The task: A verbatim copy of the entries is the required answer.

Information:
<<<<

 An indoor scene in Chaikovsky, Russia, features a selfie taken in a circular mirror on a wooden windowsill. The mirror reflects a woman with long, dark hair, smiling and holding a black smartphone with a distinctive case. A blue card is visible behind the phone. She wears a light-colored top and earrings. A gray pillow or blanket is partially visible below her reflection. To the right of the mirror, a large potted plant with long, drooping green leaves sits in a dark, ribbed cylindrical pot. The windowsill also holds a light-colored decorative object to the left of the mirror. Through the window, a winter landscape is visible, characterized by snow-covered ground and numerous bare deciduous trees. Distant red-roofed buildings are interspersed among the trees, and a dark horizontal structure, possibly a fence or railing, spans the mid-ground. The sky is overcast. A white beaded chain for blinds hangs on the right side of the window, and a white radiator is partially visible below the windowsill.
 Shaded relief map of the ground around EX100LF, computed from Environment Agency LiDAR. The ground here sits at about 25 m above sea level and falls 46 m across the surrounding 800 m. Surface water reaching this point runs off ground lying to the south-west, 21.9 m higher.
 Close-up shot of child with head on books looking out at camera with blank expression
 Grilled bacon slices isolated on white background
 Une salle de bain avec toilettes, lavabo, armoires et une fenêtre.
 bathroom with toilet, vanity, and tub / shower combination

>>>>

Output:
 An indoor scene in Chaikovsky, Russia, features a selfie taken in a circular mirror on a wooden windowsill. The mirror reflects a woman with long, dark hair, smiling and holding a black smartphone with a distinctive case. A blue card is visible behind the phone. She wears a light-colored top and earrings. A gray pillow or blanket is partially visible below her reflection. To the right of the mirror, a large potted plant with long, drooping green leaves sits in a dark, ribbed cylindrical pot. The windowsill also holds a light-colored decorative object to the left of the mirror. Through the window, a winter landscape is visible, characterized by snow-covered ground and numerous bare deciduous trees. Distant red-roofed buildings are interspersed among the trees, and a dark horizontal structure, possibly a fence or railing, spans the mid-ground. The sky is overcast. A white beaded chain for blinds hangs on the right side of the window, and a white radiator is partially visible below the windowsill.
 Shaded relief map of the ground around EX100LF, computed from Environment Agency LiDAR. The ground here sits at about 25 m above sea level and falls 46 m across the surrounding 800 m. Surface water reaching this point runs off ground lying to the south-west, 21.9 m higher.
 Close-up shot of child with head on books looking out at camera with blank expression
 Grilled bacon slices isolated on white background
 Une salle de bain avec toilettes, lavabo, armoires et une fenêtre.
 bathroom with toilet, vanity, and tub / shower combination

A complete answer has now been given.